↓

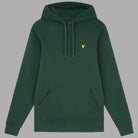 Felpa invernale con cappuccio Lyle & Scott ML1139V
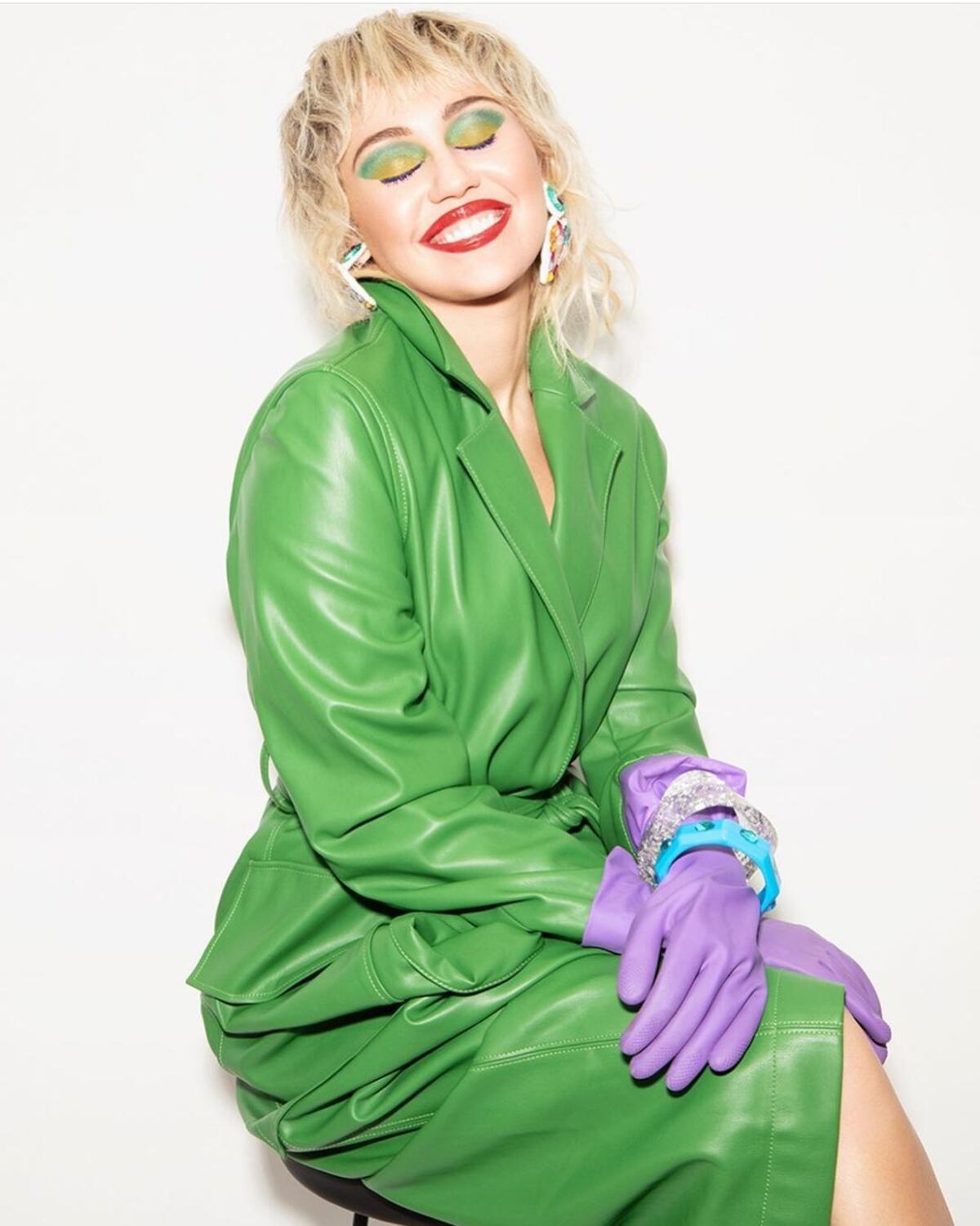 Miley Cyrus le escribe una carta a Hannah Montana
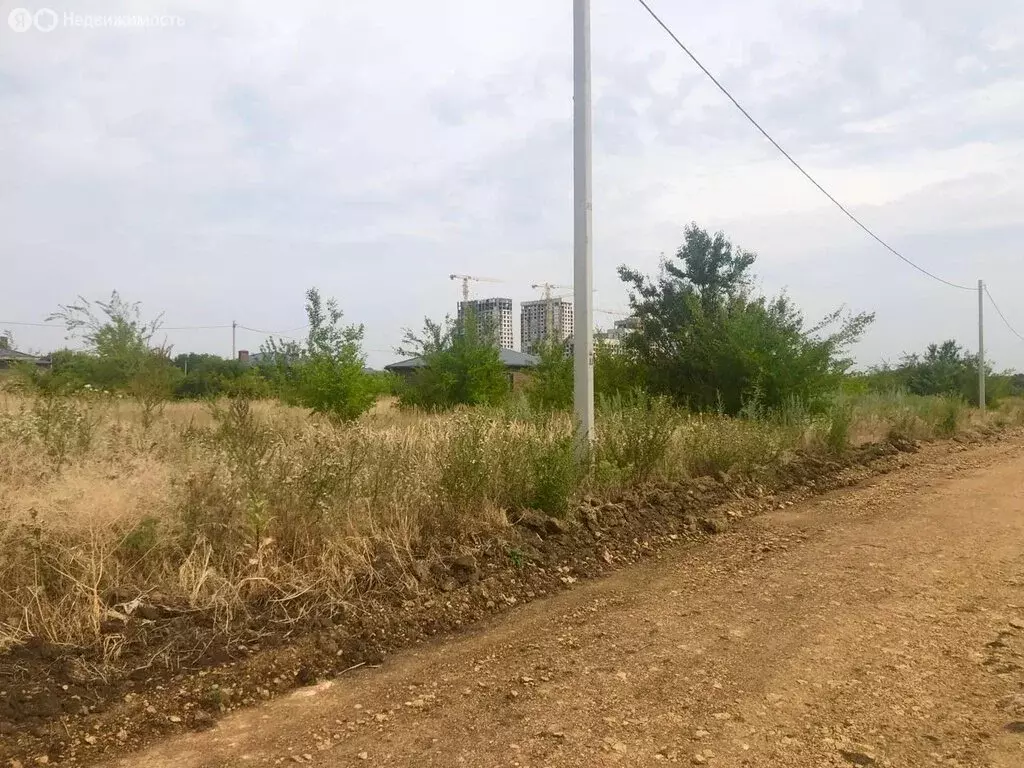 Участок в Аксайский район (5 м) - Фото 1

↑

Work instruction:
Please reproduce the listing exactly, leaving out any pictures.

Reply:
 Felpa invernale con cappuccio Lyle & Scott ML1139V
 Miley Cyrus le escribe una carta a Hannah Montana
 Участок в Аксайский район (5 м) - Фото 1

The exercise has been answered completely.